In a report to President Corazon Aquino on the economy’s performance during the first quarter, Fernandez said the Central Bank’s gross international reserves were 2.48 billion dollars at end-March, up slightly from 2.45 billion at end-1986, but double the 1.24 billion a year earlier. The reserves would fund 3-1/2 months’ worth of imports, he said.
Fernandez said the economy had entered its third straight quarter of recovery at the end of March, with gross domestic product (gdp) growing by 5.78 pct to 24 billion pesos and the gross national product (gnp) growing by 5.53 pct to 23.51 billion pesos from first quarter 1986 levels.
He said the country’s balance of payments reflected a surplus of 81 million dollars, 66 pct lower than the year- ago level of 239 million dollars and sharply lower than the fourth quarter 1986 level of 527 million dollars. The current account, affected by a contraction in service receipts and higher imports, shrank to a 100 million dollar deficit in the first quarter.
The current account showed surpluses of 83 million dollars in the first quarter of 1986 and 215 million dollars in fourth quarter 1986.
Fernandez said earnings from services, totalling 800 million dollars in the first quarter, were 10.3 pct lower than last year’s level despite a 21.8 pct rise in tourist arrivals.
He said the merchandise trade deficit rose to 182 million dollars, 16.7 pct higher than the 156 million dollar deficit in first quarter 1986 and compared to the 34 million dollar deficit in fourth quarter 1986. Imports rose to 1.39 billion dollars in the quarter, up 10.9 pct from a year earlier, indicating an upturn in domestic economic activity.

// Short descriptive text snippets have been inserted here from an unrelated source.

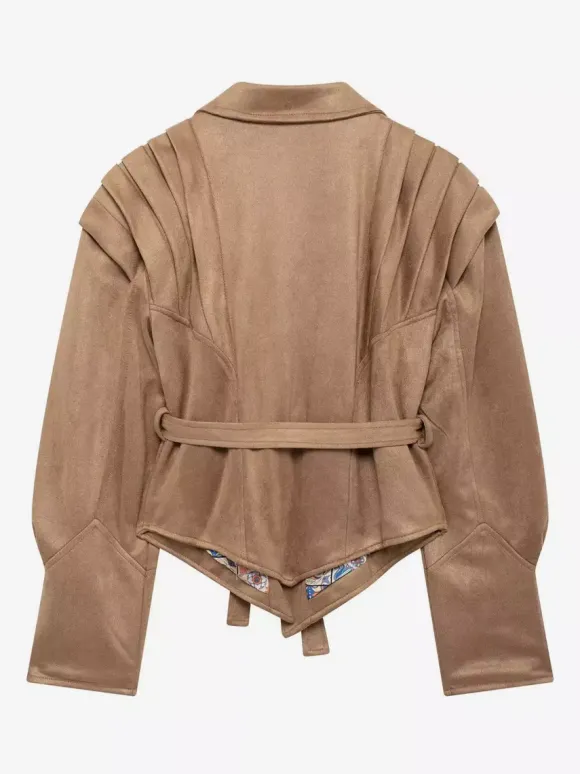 Faux Suede Wrap Jacket For Women - Brown Hourglass Tailored Blazer Structured Shoulder Coat - Spring Chic Streetwear 2026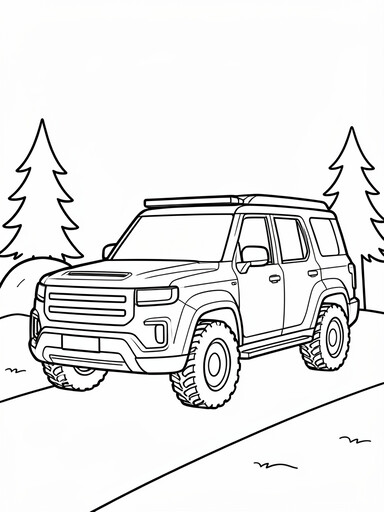 Rivian R1S coloring page showing a boxy three-row electric SUV with a roof rack parked by a trailhead boulder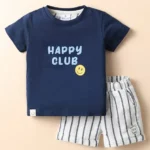 First Smile Interlock Knit Half Sleeves T-Shirt & Striped Shorts Set With Happy Club Print - Navy Blue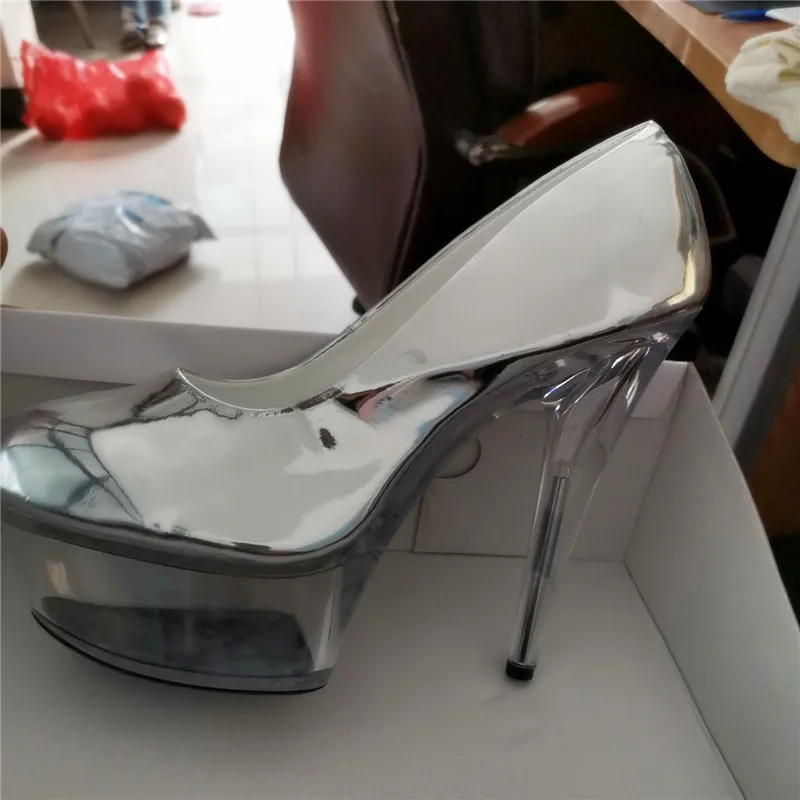 Sexy pure crystal princess single shoes, super high heel temptation sexy shoes, dancing shoes 15cm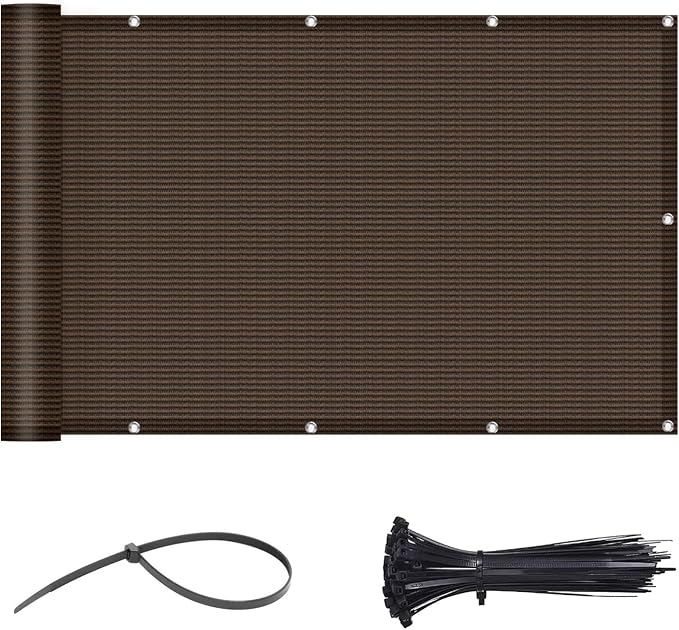 LOVE STORY 3.3'x19.7' Brown Balcony Screen Privacy Fence Cover UV Protection by LOVESTORY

Fernandez said capital goods Imports grew 50.3 pct and raw material imports 18.3 pct during the quarter from a year earlier. The trade imbalance widened, although exports grew to 1.21 billion dollars, up from the first quarter 1986 level of 1.1 billion dollars.
Lower earnings from coconut oil and copper exports were offset by higher revenue from garments, semiconductors and fish.
The non-monetary capital account had a first quarter surplus of 158 million dollars, up from 150 million a year earlier but down from 178 million in the fourth quarter of 1986.
Fernandez said domestic reserve money, defined as currency issued less cash in treasury plus the reserves of commercial banks with the Central Bank, dropped to 48.1 billion pesos at end-March from 50 billion at end- 1986, but was up from 40.44 billion at end-March 1986.
As a result, domestic liquidity eased to 140.9 billion pesos from the end-1986 level of 141.1 billion pesos. Domestic nominal borrowing and lending rates continued to decline during the first quarter. Interbank call loan rates fell to 9.74 pct from 15.28 pct a year earlier, while treasury bill rates fell to 11.62 pct from 21.98.
Fernandez said preliminary data Indicated the government’s budget deficit stood at 7.4 billion pesos for the first quarter, lower than the year-earlier deficit of 10.1 billion and the 15.2 billion deficit in fourth quarter 1986
Government expenditure amounted to 28.6 billion pesos, 10.9 pct higher than 25.8 billion in first quarter 1986, while revenues totalled 21.2 billion pesos, 35 pct higher than the year-earlier figure of 15.7 billion pesos.
Fernandez said the gnp growth during the quarter, the first significant improvement since the fourth quarter of 1983, was fuelled mainly by the industrial sector.
Industry grew at 9.86 pct during the quarter, compared with a 7.81 pct decline in the same 1986 period, Fernandez said. Mining and quarrying, boosted by favourable world gold prices, put in the strongest performance, growing 14.51 pct.
The manufacturing sector grew by 9.64 pct from year-ago levels, while construction activity advanced by 10.32 pct.
Agriculture grew only 1.81 pct as a drought hurt corn, coconut and sugarcane output.
The country’s labour force was estimated at 22.2 million at the end of March, while the unemployment rate dropped to 11.2 pct from 12 pct a year earlier.
Fernandez said the turnabout in the economy, which started in the third quarter of 1986, appeared to have gained momentum this year. Ratification in February of the country’s new constitution helped curb speculation, and the private sector was responding to resurgent domestic demand.
“The great steps taken towards enhanced political and economic stability still leave the country faced with many urgent issues such as land reform and the Insurgency movement,” Fernandez said. “It is therefore essential that the climate for (economic) growth be nurtured with an appropriate mix of monetary, fiscal and credit policies.”